# Kadee Remote Uncoupling & DCC



## supagav (Feb 8, 2008)

Hi folks,

I'm wondering if anyone has an ideas or thoughts on how best to control the new kadee remote uncoupler servos using DCC?

Our railroad, the Somerville & St.Francis River, is geared towards operations and as such we do a lot of switching moves using kadee uncoupler ramps installed between the rails. This system has been working well but I'm currently toying with the idea of upgrading our caboose fleet to the new Kadee remote uncouplers and controlling them from a small, on-board function only decoder. This would greatly help speed up the switching process when we need to cut out the caboose during a local switching move for example. I was just wondering what people thought would be the best option in terms of a decoder for this? Any ideas would be greatly appreciated!

I'm currently leaning towards a massoth unit, ideally their new eMotion 8FS servo decoder which should hopefully be coming out soon: 

http://www.massoth.com/en/produkte/8152501.en.php 

or their eMotion 8FL paired with their 6V voltage regulator as they recommend for servo control:

http://www.massoth.com/en/produkte/8152001.en.php
http://www.massoth.com/en/produkte/8242050.en.php

I would really like to hear if anyone has any other ideas or suggestions, particularly if they are more cost effective!

Many thanks in advance,
Gavin


(PS: I should say that we're currently using a Massoth 1200z central station with three Navigator handsets, and mostly NCE decoders in our locos with Phoenix sound.)


----------



## Dan Pierce (Jan 2, 2008)

The Zimo MX69/MX69x series of decoders have provisions for wiring up 4 servos. 
And you can just use any 5 volt servo. The MX695 series has 4 sets of pins for servo plug and play. 
Servo outputs can be programmed for functions 1 to 19, and each output has a CV for max direction. 
Download the manual at zimo.at 
And if you have an Aristo or USA with fan driven smoke, these decoders will drive those with fan control and 3 heater settings. 
Of course this does not help you with present decoders, but can be something to think about for future purchases. Motor, light, sound, servo, smoke control all in one decoder and for less than $200.


----------



## mbendebba (Jan 22, 2011)

Gavin: 

Both the Massoth eMOTION 8FL along with the Massoth 6 volt regulator and the Massoth eMOTION 8FS would do the job. When it becomes available the 8FS would cost about $10 less than the 8FL paired with the Massoth 6V regular; it will also take let space. 

Mohammed 
http://www.massothusa.com


----------



## Cougar Rock Rail (Jan 2, 2008)

Hi Gavin, 

Since you are talking about putting them in cabooses, and not locomotives, I would also lean towards the Massoth 8FL with the voltage regulator until the new 8FS comes out. I have used that exact system on a working hopper car and really like the programmability of the Massoth decoders. 

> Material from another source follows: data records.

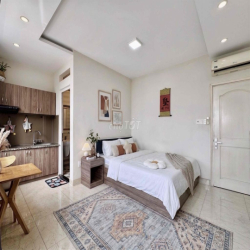 Căn hộ full nội thất cao cấp BAN CÔNG ngã 4 Phú Nhuận, chợ Bà Chiểu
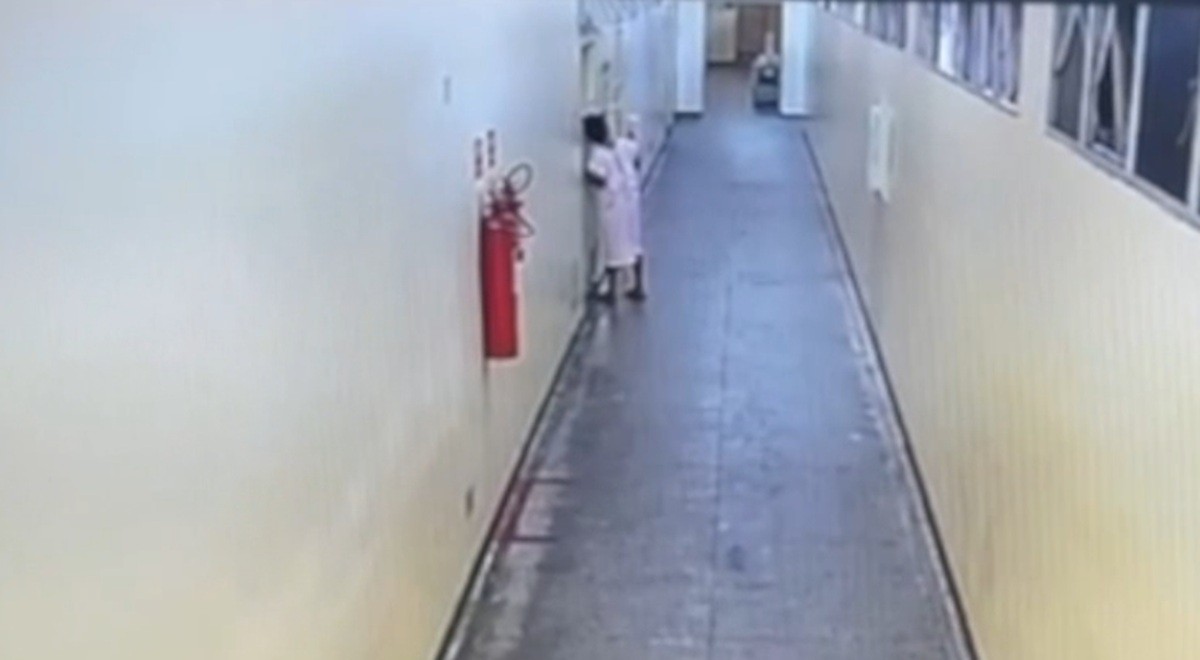 VÍDEO: Com frasco de soro na mão, paciente furta objetos dentro de hospital no RN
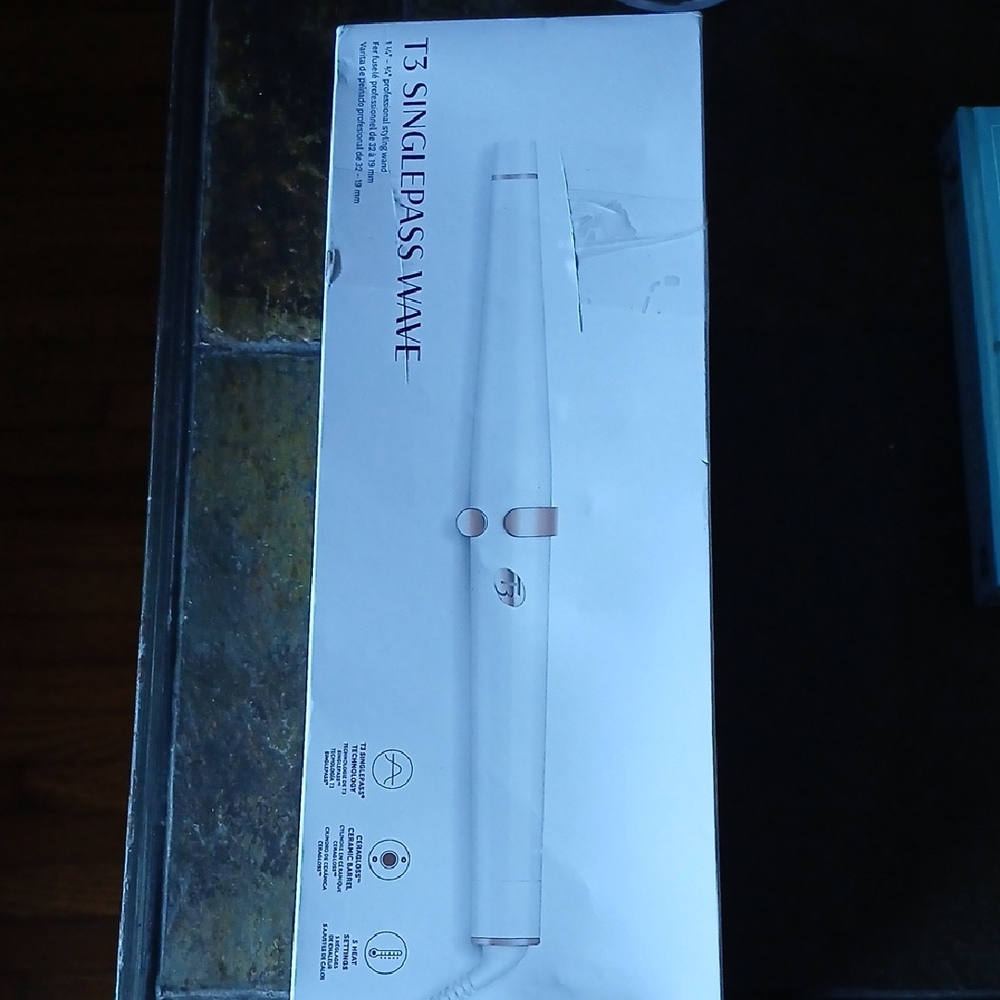 T3 SinglePass Wave in White and Rose Gold.   D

For locomotives, it's a little different and then I would do as Dan suggests, and go with a sound decoder with the built in servo control and onboard voltage regulation. I am just putting a Zimo 695KV in a diesel project and it's really convenient to have the easy onboard plug in for the servos. The only downside I've found with the Zimo decoders is the programming can be a little confusing and takes a little more time to digest. Normally I prefer Massoth decoders but in this case they didn't have the specific sound I needed, and their new decoders with the onboard power and direct servo plug-in aren't available yet. 
I've been using quite a few of the Massoth hook and loop style auto-uncouplers and they work great, but I'm assuming you are using knuckle couplers. I am looking forward to the new 8FS decoder...any idea on delivery Mohammed? 

Keith 



Keith


----------



## mbendebba (Jan 22, 2011)

Hello Keith: 

It is supposed to be here by the end of the year. 

I have just finished installing a couple of automatic uncouplers, one in the LGB diesel locomotive from the European toy train starter set and another in the new LGB porter. They work like a charm. 

Mohammed 
http://www.massothusa.com


----------